Since its inception in 2012, IMMR member ‘Ons Geld’ advocates the introduction of digital cash. What is that, and why is it important? Edgar Wortmann (Ons Geld counselor and IMMR core-group member) explains it.
Historically, money represents a ‘nominal’ and an ‘intrinsic’ value. A silver coin for instance, had the nominal value printed on it, and the intrinsic value of the silver in it. These values were rarely the same, which caused persistent monetary instability. It was attractive to withdraw coins with a relatively high silver content from circulation, and to melt them down into coins with a relatively low silver content.
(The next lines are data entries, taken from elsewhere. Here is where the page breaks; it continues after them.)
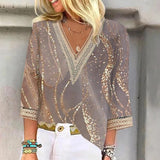 Bohemian Blouse met V-Hals en Print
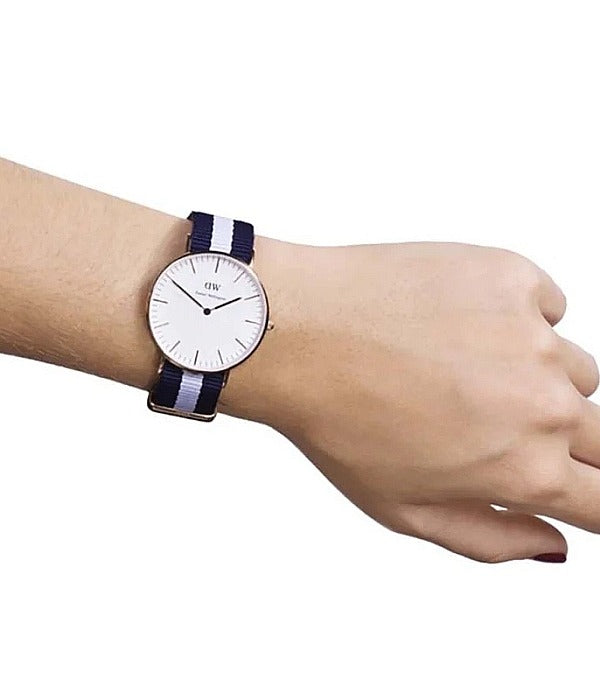 Shop Authentic Daniel Wellington Classic Glasgow White Dial Two Tone NATO Strap Watch For Women - DW00100031 - Luxxuri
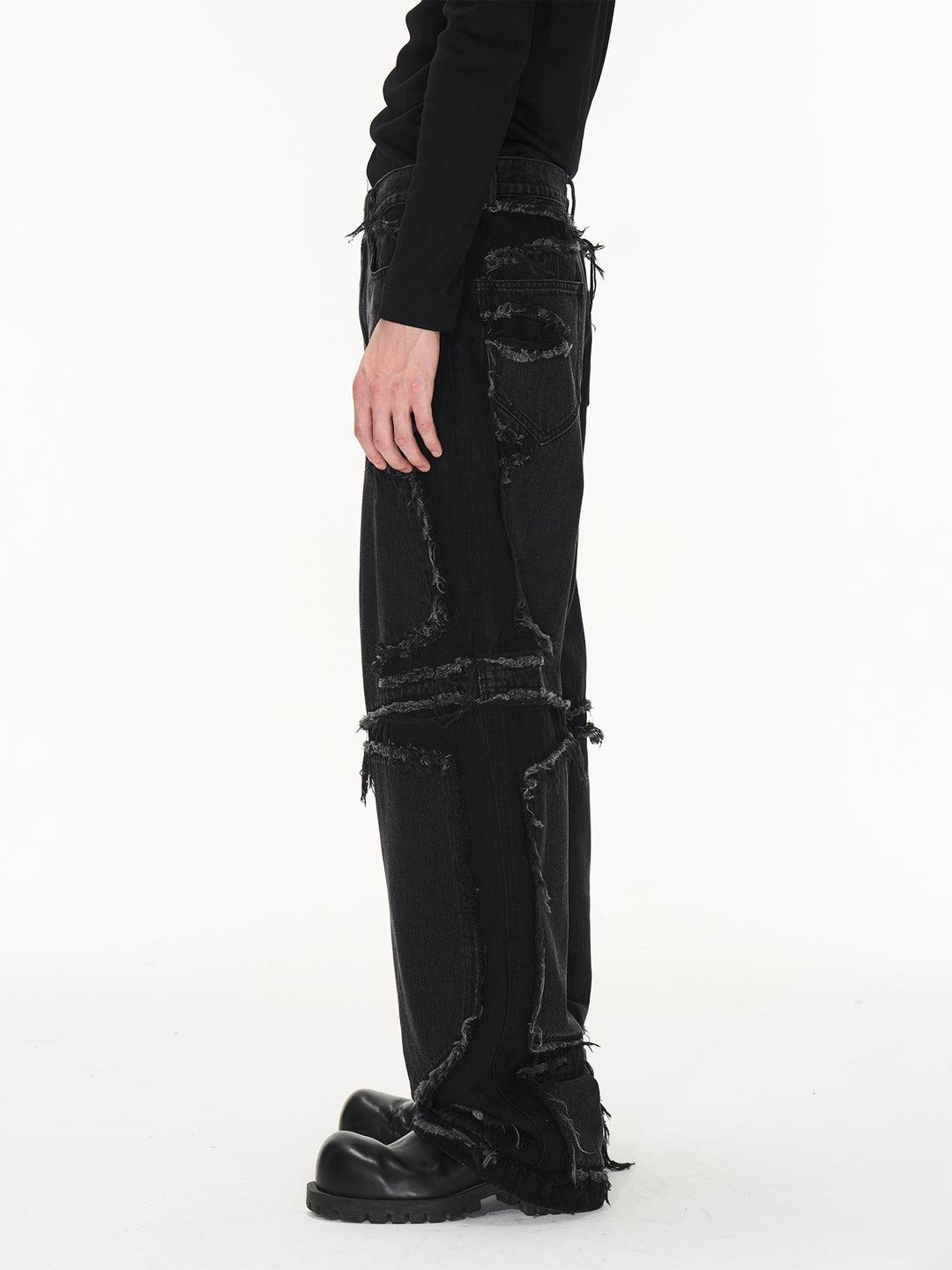 BLIND NO PLAN Raw Edge Split Wash Denim Jeans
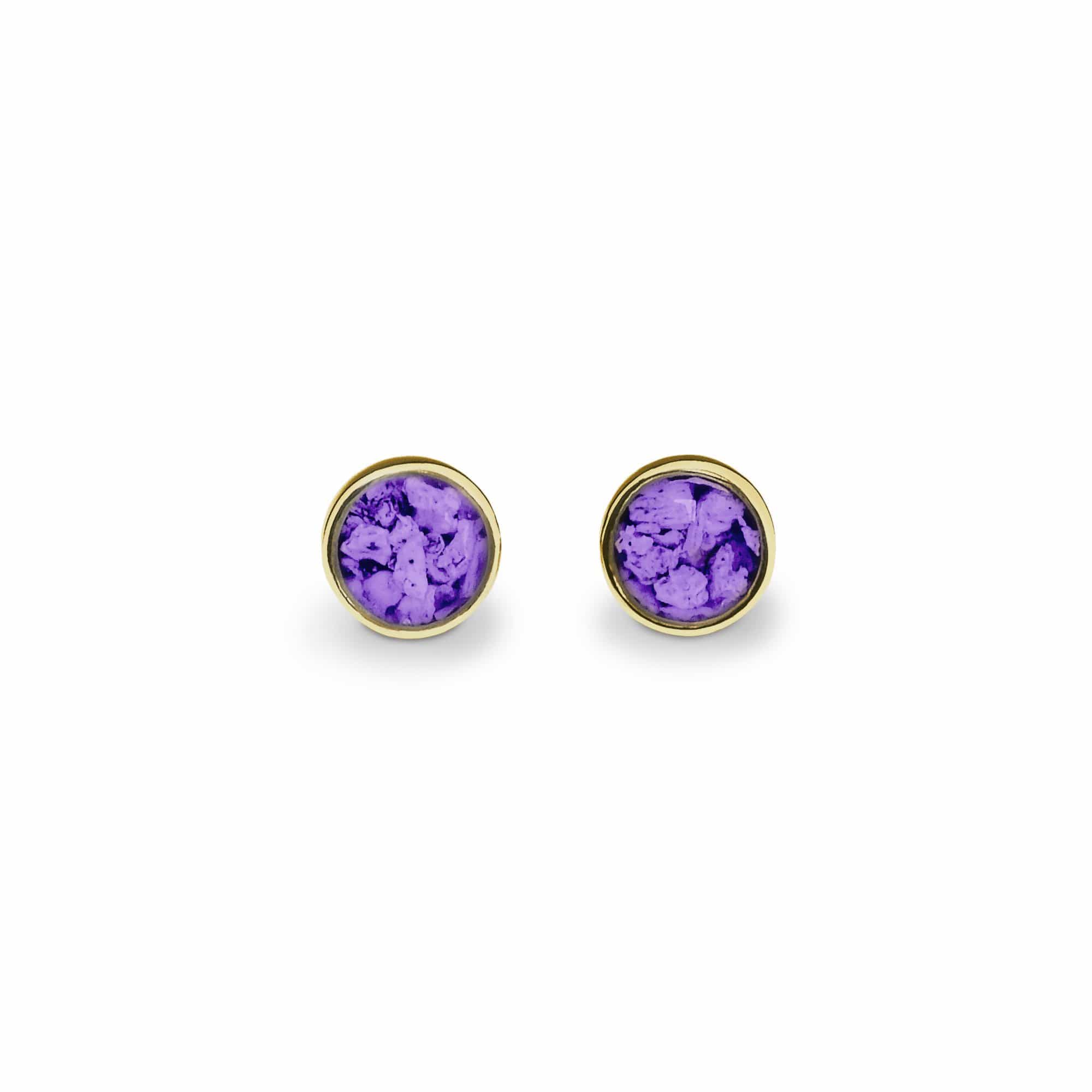 EverWith Ladies Classic Round Memorial Ashes Earrings 9k Yellow Gold Purple
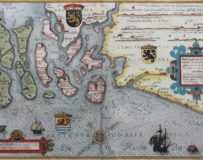 Chart or maritime map of Zeeland and Flanders by Waghenaer 1586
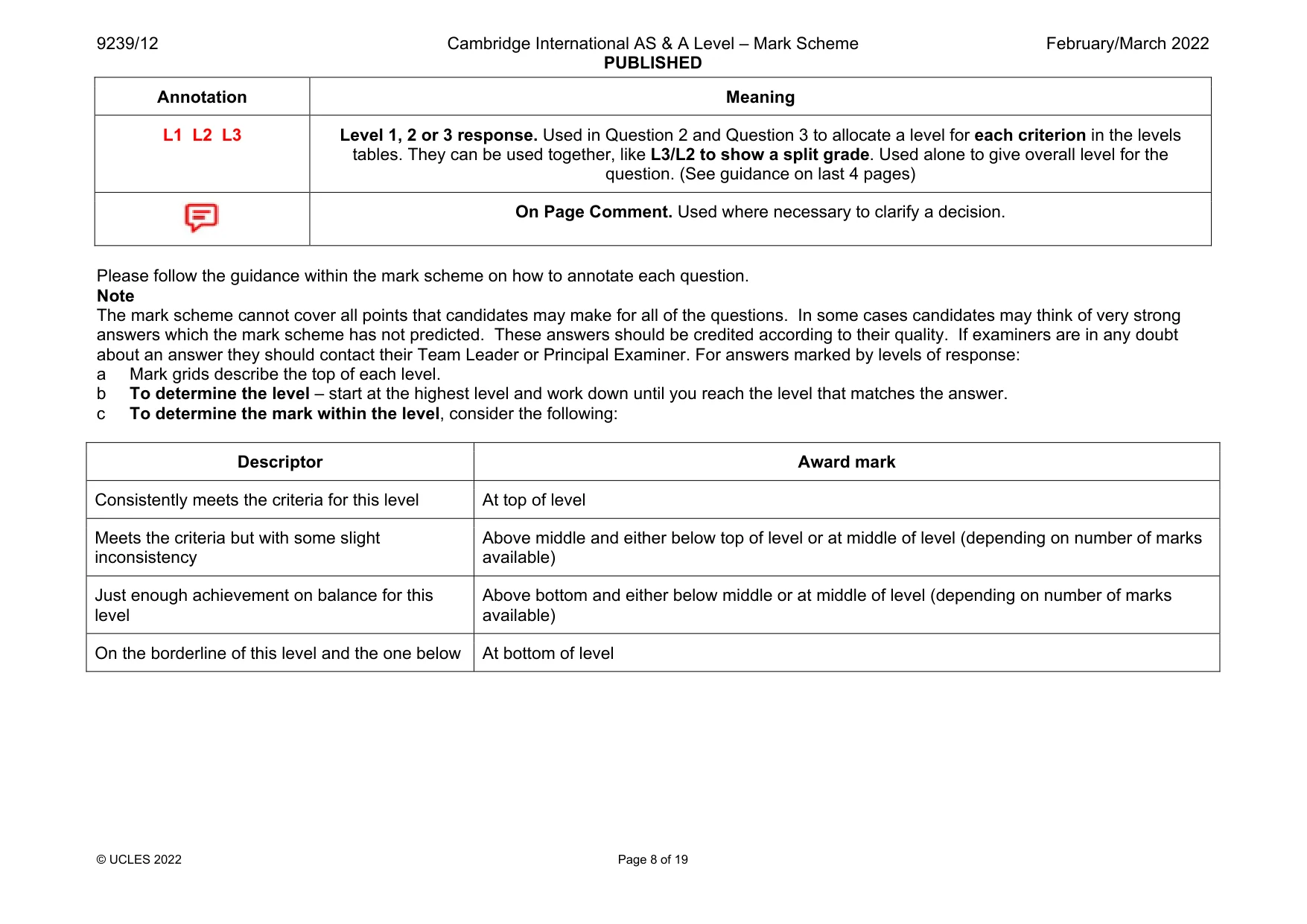 Mark scheme, page 8 of 19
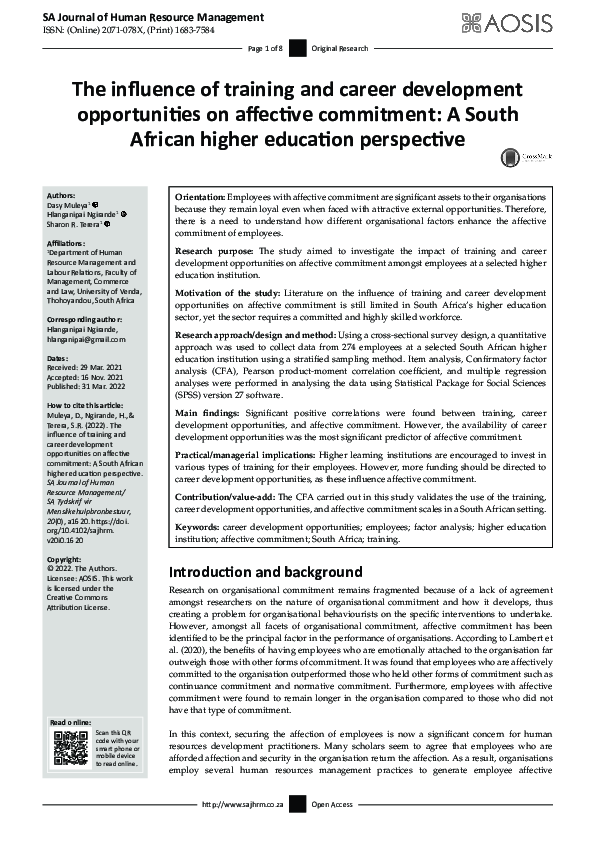 (PDF) The influence of training and career development opportunities on ...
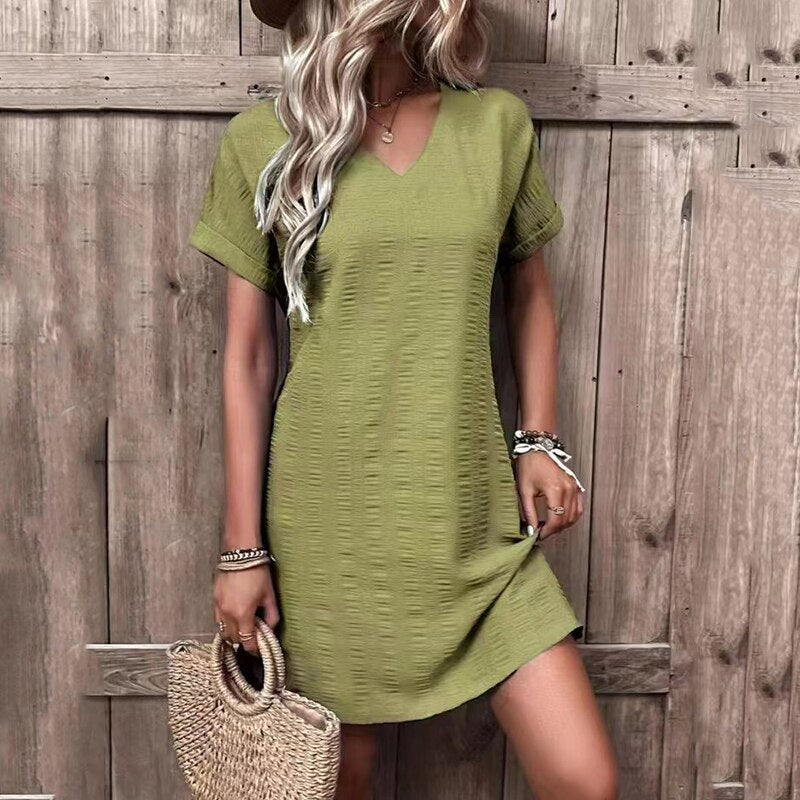 Zoe – Olivegrünes Sommerkleid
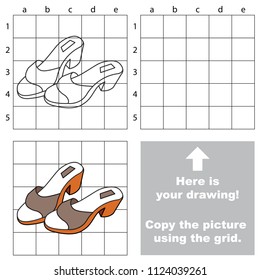 Womal Summer Shoe, the educational game with simple game level. Copy the picture.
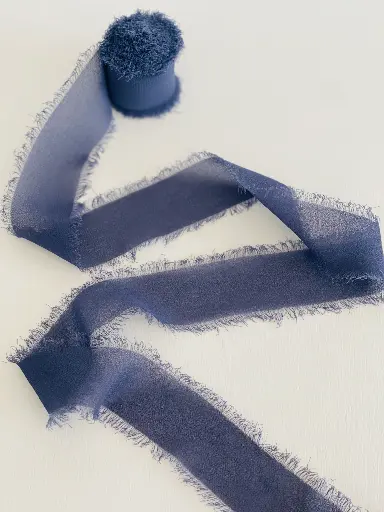 [Chiffon Azul Marino] Chiffon Deshilachado - Azul Marino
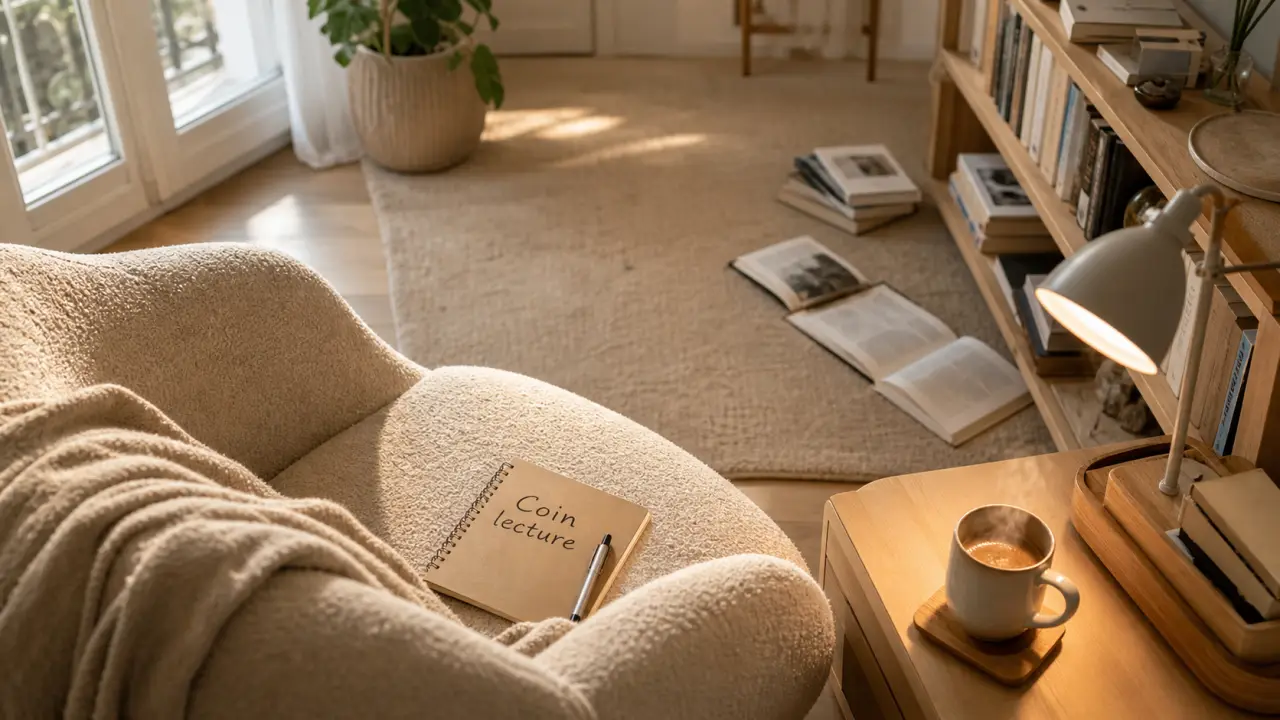 Coin lecture IKEA cosy dans un salon partagé, fauteuil et bibliothèque.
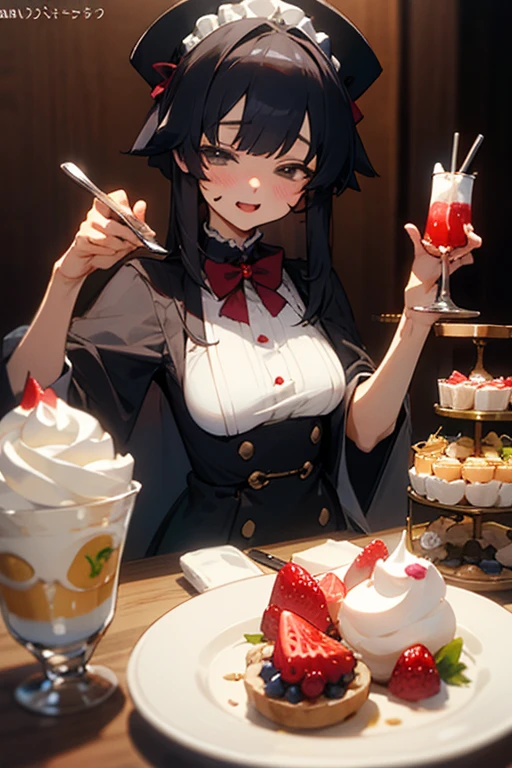Nyotaimori 、food table girl、fruit、whipped cream、pussy_parfait
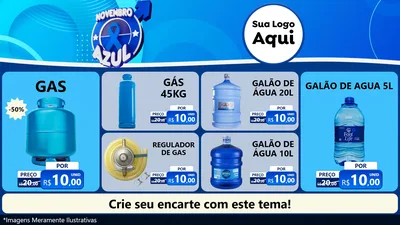 Modelo de TV para TV Horizontal com o tema Novembro Azul para Água e gás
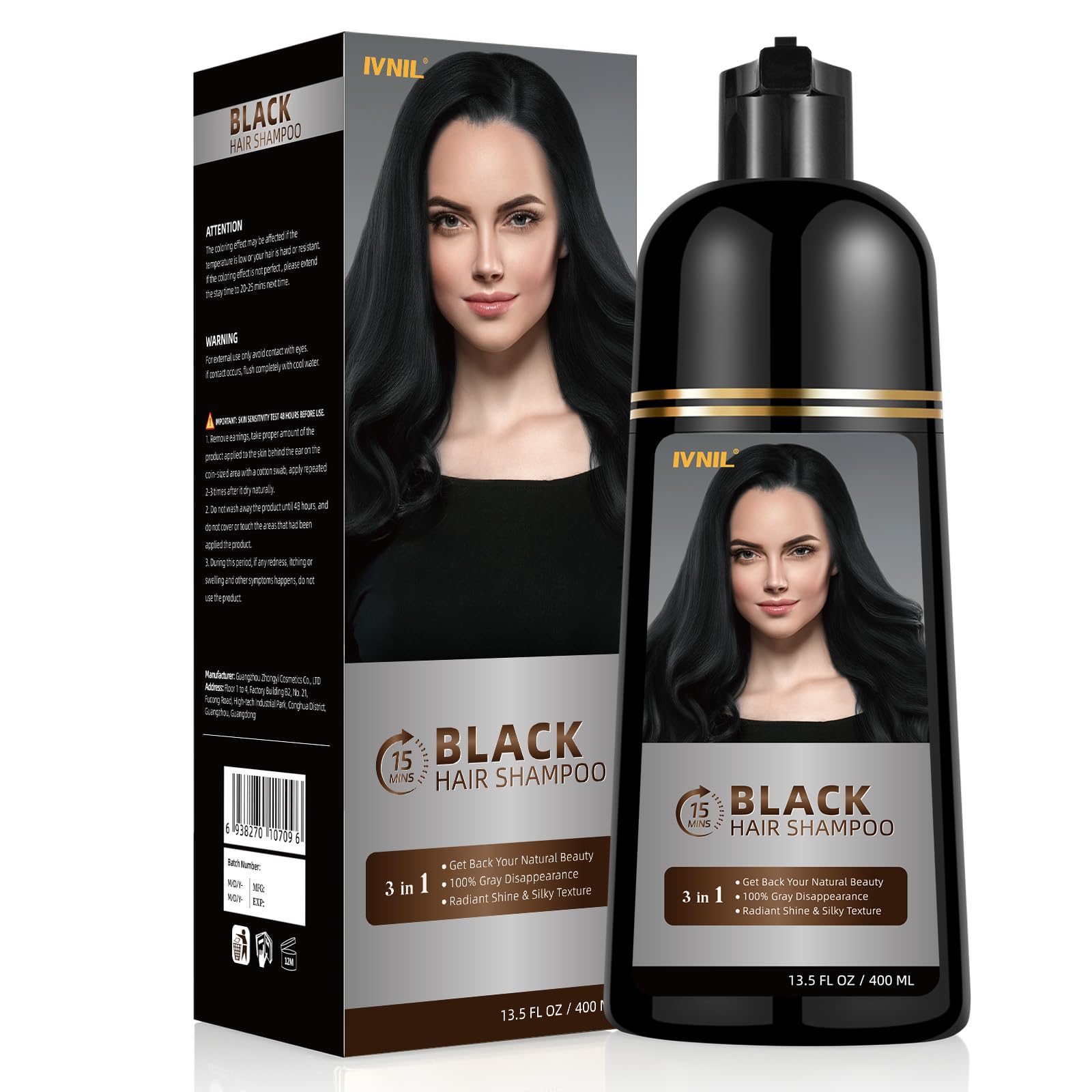 Ivnil Black Hair Dye Shampoo 3 in 1 for gray coverage champu para canas herbal color for women and men 400ML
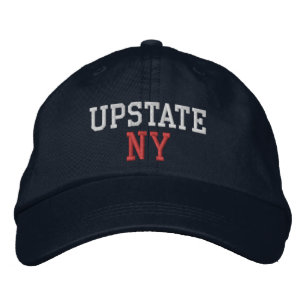 UPSTATE NY White and Red on Navy Blue Embroidered Hat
The present monetary system is no longer based on gold and silver. Yet it is still marked by a difference between nominal and intrinsic value. That is because money ‘in the bank’ consists of claims to money. These claims have a nominal amount, and a fair value that depends on the probability that a bank meets its obligations. The fair value of a money claim is usually lower than its nominal amount, because there is always a risk that the bank will not meet its obligations.
Lending out blindly
In a free market, risks are factored in leading to appreciation in fair value. Bank balances (‘deposits’) are an exception to this. They are withdrawn from free pricing and are valued at (the higher) nominal amount. This is necessary for them to function as money. To this end, free price setting of bank balances (deposits) is blocked. The government does this with special rules for banks. These rules allow banks to borrow money from the public, without saying what they will do with it. Other companies are not allowed to do that. They must comply with rules that ensure that investors know what risks they are exposed to, if they lend their money. For banks, the opposite applies. Whoever puts its money in the bank, lends it out blindly. Most account holders do not even know that they are funding a business by putting their money in a bank.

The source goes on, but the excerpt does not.